The accompanying consolidated financial statements should be read in conjunction
with the Kronos Advanced Technologies, Inc. Form 10-KSB for the fiscal year
ended June 30, 2005, which was filed on September 28, 2005.

NOTE 2 - REALIZATION OF ASSETS AND GOING CONCERN

The accompanying consolidated financial statements have been prepared in
conformity with accounting principles generally accepted in the United States of
America, which contemplate continuation of the Company as a going concern. The
Company has sustained losses from operations in recent years, and such losses
have continued through the nine months ended March 31, 2006. In addition, the
Company has used cash in rather than provided cash through its operations. The
Company is currently using its resources to attempt to raise capital necessary
to commercialize its technology and develop viable commercial products, and to
provide for its working capital needs.

In view of the matters described in the preceding paragraph, recoverability of a
major portion of the asset amounts shown in the accompanying balance sheet is
dependent upon the continued operations of the Company, which in turn is
dependent upon the Company's ability to meet its financing requirements on a
continuing basis, to maintain present financing and to succeed in its future
operations. The consolidated financial statements do not include any adjustments
relating to the recoverability and classification of recorded asset amounts or
amounts and classification of liabilities that might be necessary should the
Company be unable to continue in existence.
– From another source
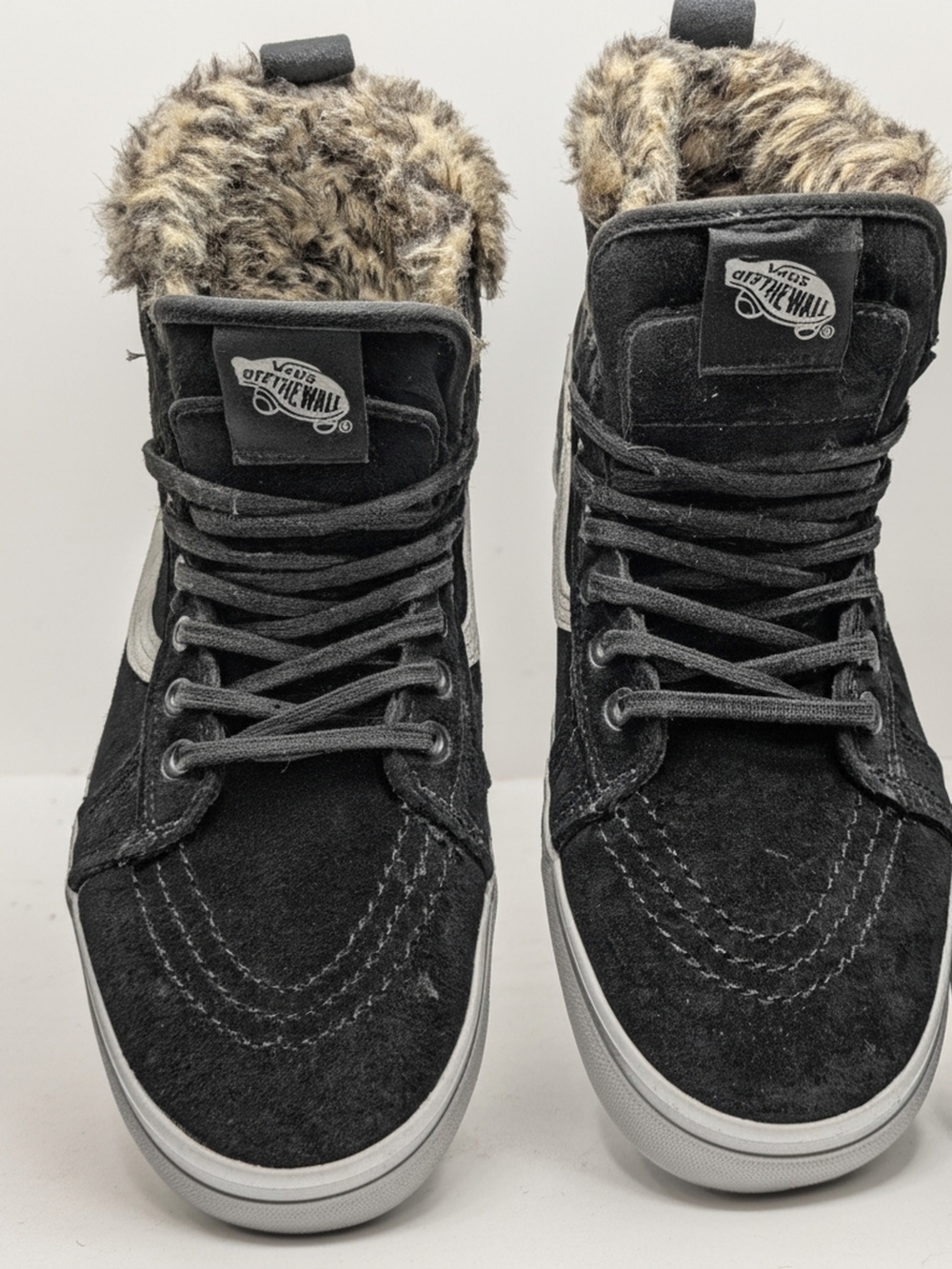Vans Women's SK8-Hi Platform MTE "Black Leopard Fur"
Management has taken the following steps with respect to its operating and
financial requirements, which it believes are sufficient to provide the Company
with the ability to continue in existence:

EOL. In December 2005, Kronos executed a non-exclusive License Agreement with
EOL, LLC, a Russian Federation corporation. Based in Korolev, Moscow Region,
Russia, EOL will leverage the Kronos technology to produce, market, and
distribute Kronos commercial air purification products, bacteriological and
virus destruction devices and space heaters in select Commonwealth of
Independent States. The agreement comes after successful completion of multiple
tests in Eastern Europe, which found the Kronos technology capable of
decontaminating rooms infected with airborne viruses and bacteria. Under the
terms of the five-year agreement, EOL will provide Kronos a fixed percentage
royalty on every product sold, as well as upfront licensing and quarterly
maintenance fees. Based on contractual milestones, EOL is required to: (i)
complete initial product design by March 2006; (ii) complete initial product
prototypes by June 2006; and (iii) make product available for customer purchase
by September 2006. EOL plans to assemble the finished products in Russia from
components supplied both locally and from contract manufacturers in China. The
products will be marketed and distributed in Russia, Ukraine, Kazakhstan,
Moldova and Byelorussia. In March 2006, EOL achieved the first milestone:
initial design of a wall mounted air sterilizer for the health care market.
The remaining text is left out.